_YOUR GOAL_.
Give back the entries exactly, ending with the "Load image into" line.
- - - - - - -
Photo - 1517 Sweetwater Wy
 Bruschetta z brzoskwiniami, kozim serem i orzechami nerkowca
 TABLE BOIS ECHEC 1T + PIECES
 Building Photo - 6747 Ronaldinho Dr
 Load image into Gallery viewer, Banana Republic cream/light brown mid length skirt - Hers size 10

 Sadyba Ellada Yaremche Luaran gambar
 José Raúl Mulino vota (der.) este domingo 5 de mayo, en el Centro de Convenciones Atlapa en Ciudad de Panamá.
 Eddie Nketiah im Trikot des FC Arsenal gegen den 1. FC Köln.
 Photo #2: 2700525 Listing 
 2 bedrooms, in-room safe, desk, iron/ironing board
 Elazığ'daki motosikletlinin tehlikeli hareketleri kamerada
- - - - - - -
_RESULT_.
Photo - 1517 Sweetwater Wy
 Bruschetta z brzoskwiniami, kozim serem i orzechami nerkowca
 TABLE BOIS ECHEC 1T + PIECES
 Building Photo - 6747 Ronaldinho Dr
 Load image into Gallery viewer, Banana Republic cream/light brown mid length skirt - Hers size 10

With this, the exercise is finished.